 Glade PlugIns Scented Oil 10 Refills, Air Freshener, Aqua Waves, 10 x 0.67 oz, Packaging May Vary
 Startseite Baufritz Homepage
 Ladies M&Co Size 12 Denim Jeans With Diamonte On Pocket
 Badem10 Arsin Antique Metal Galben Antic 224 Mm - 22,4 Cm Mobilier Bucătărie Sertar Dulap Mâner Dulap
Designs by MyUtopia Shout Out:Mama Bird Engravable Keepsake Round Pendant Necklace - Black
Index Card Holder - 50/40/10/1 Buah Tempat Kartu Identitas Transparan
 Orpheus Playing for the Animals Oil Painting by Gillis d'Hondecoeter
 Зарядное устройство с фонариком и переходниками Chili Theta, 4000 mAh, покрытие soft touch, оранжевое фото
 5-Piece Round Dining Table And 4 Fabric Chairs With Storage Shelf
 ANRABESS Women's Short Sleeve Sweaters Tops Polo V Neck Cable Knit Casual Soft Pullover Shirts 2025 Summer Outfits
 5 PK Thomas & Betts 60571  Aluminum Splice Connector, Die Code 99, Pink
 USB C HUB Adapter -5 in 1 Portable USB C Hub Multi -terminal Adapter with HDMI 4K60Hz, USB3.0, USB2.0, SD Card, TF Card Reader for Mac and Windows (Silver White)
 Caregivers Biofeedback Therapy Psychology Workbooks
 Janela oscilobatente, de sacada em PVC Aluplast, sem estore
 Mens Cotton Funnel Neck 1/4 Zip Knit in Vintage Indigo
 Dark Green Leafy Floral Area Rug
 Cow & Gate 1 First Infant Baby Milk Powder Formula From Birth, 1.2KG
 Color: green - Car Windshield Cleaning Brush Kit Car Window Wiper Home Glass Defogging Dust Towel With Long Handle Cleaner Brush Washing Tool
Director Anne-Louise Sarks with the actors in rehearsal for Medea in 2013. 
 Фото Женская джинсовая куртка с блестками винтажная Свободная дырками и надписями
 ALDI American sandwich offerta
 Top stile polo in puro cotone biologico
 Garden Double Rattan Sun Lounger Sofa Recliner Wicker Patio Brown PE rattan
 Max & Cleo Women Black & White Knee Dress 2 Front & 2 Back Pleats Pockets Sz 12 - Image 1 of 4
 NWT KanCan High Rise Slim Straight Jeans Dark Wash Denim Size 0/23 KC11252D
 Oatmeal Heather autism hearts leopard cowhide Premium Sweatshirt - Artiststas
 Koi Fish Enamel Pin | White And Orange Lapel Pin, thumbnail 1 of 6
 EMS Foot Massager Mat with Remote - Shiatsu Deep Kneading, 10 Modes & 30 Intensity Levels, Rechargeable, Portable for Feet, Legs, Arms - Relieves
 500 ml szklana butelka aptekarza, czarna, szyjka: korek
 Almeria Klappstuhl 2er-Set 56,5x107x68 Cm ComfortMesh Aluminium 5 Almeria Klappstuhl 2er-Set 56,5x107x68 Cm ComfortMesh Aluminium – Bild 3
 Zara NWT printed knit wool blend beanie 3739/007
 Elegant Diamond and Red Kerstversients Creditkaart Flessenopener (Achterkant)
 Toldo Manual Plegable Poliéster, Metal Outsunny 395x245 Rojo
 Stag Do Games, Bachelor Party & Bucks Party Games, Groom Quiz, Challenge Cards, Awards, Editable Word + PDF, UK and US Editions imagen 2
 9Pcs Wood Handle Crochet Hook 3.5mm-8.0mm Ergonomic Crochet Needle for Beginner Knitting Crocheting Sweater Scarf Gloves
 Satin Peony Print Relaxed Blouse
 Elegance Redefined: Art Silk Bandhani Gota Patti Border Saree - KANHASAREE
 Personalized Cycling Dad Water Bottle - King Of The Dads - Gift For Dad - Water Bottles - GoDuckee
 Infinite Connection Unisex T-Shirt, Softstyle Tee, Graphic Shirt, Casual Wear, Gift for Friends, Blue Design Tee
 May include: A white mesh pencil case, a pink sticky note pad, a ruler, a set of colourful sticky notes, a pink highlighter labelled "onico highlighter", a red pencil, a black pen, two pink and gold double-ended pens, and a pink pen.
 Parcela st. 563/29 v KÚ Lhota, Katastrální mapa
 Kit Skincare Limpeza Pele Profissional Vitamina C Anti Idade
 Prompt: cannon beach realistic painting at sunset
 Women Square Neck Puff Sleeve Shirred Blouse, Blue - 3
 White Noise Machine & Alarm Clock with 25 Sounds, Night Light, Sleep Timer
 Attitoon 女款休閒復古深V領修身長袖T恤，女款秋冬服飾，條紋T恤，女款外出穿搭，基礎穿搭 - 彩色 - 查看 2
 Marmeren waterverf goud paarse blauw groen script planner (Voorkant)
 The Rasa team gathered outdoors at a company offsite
========================
Problem requirements: The records above are to be duplicated word for word.

Exercise result:
 Glade PlugIns Scented Oil 10 Refills, Air Freshener, Aqua Waves, 10 x 0.67 oz, Packaging May Vary
 Startseite Baufritz Homepage
 Ladies M&Co Size 12 Denim Jeans With Diamonte On Pocket
 Badem10 Arsin Antique Metal Galben Antic 224 Mm - 22,4 Cm Mobilier Bucătărie Sertar Dulap Mâner Dulap
Designs by MyUtopia Shout Out:Mama Bird Engravable Keepsake Round Pendant Necklace - Black
Index Card Holder - 50/40/10/1 Buah Tempat Kartu Identitas Transparan
 Orpheus Playing for the Animals Oil Painting by Gillis d'Hondecoeter
 Зарядное устройство с фонариком и переходниками Chili Theta, 4000 mAh, покрытие soft touch, оранжевое фото
 5-Piece Round Dining Table And 4 Fabric Chairs With Storage Shelf
 ANRABESS Women's Short Sleeve Sweaters Tops Polo V Neck Cable Knit Casual Soft Pullover Shirts 2025 Summer Outfits
 5 PK Thomas & Betts 60571  Aluminum Splice Connector, Die Code 99, Pink
 USB C HUB Adapter -5 in 1 Portable USB C Hub Multi -terminal Adapter with HDMI 4K60Hz, USB3.0, USB2.0, SD Card, TF Card Reader for Mac and Windows (Silver White)
 Caregivers Biofeedback Therapy Psychology Workbooks
 Janela oscilobatente, de sacada em PVC Aluplast, sem estore
 Mens Cotton Funnel Neck 1/4 Zip Knit in Vintage Indigo
 Dark Green Leafy Floral Area Rug
 Cow & Gate 1 First Infant Baby Milk Powder Formula From Birth, 1.2KG
 Color: green - Car Windshield Cleaning Brush Kit Car Window Wiper Home Glass Defogging Dust Towel With Long Handle Cleaner Brush Washing Tool
Director Anne-Louise Sarks with the actors in rehearsal for Medea in 2013. 
 Фото Женская джинсовая куртка с блестками винтажная Свободная дырками и надписями
 ALDI American sandwich offerta
 Top stile polo in puro cotone biologico
 Garden Double Rattan Sun Lounger Sofa Recliner Wicker Patio Brown PE rattan
 Max & Cleo Women Black & White Knee Dress 2 Front & 2 Back Pleats Pockets Sz 12 - Image 1 of 4
 NWT KanCan High Rise Slim Straight Jeans Dark Wash Denim Size 0/23 KC11252D
 Oatmeal Heather autism hearts leopard cowhide Premium Sweatshirt - Artiststas
 Koi Fish Enamel Pin | White And Orange Lapel Pin, thumbnail 1 of 6
 EMS Foot Massager Mat with Remote - Shiatsu Deep Kneading, 10 Modes & 30 Intensity Levels, Rechargeable, Portable for Feet, Legs, Arms - Relieves
 500 ml szklana butelka aptekarza, czarna, szyjka: korek
 Almeria Klappstuhl 2er-Set 56,5x107x68 Cm ComfortMesh Aluminium 5 Almeria Klappstuhl 2er-Set 56,5x107x68 Cm ComfortMesh Aluminium – Bild 3
 Zara NWT printed knit wool blend beanie 3739/007
 Elegant Diamond and Red Kerstversients Creditkaart Flessenopener (Achterkant)
 Toldo Manual Plegable Poliéster, Metal Outsunny 395x245 Rojo
 Stag Do Games, Bachelor Party & Bucks Party Games, Groom Quiz, Challenge Cards, Awards, Editable Word + PDF, UK and US Editions imagen 2
 9Pcs Wood Handle Crochet Hook 3.5mm-8.0mm Ergonomic Crochet Needle for Beginner Knitting Crocheting Sweater Scarf Gloves
 Satin Peony Print Relaxed Blouse
 Elegance Redefined: Art Silk Bandhani Gota Patti Border Saree - KANHASAREE
 Personalized Cycling Dad Water Bottle - King Of The Dads - Gift For Dad - Water Bottles - GoDuckee
 Infinite Connection Unisex T-Shirt, Softstyle Tee, Graphic Shirt, Casual Wear, Gift for Friends, Blue Design Tee
 May include: A white mesh pencil case, a pink sticky note pad, a ruler, a set of colourful sticky notes, a pink highlighter labelled "onico highlighter", a red pencil, a black pen, two pink and gold double-ended pens, and a pink pen.
 Parcela st. 563/29 v KÚ Lhota, Katastrální mapa
 Kit Skincare Limpeza Pele Profissional Vitamina C Anti Idade
 Prompt: cannon beach realistic painting at sunset
 Women Square Neck Puff Sleeve Shirred Blouse, Blue - 3
 White Noise Machine & Alarm Clock with 25 Sounds, Night Light, Sleep Timer
 Attitoon 女款休閒復古深V領修身長袖T恤，女款秋冬服飾，條紋T恤，女款外出穿搭，基礎穿搭 - 彩色 - 查看 2
 Marmeren waterverf goud paarse blauw groen script planner (Voorkant)
 The Rasa team gathered outdoors at a company offsite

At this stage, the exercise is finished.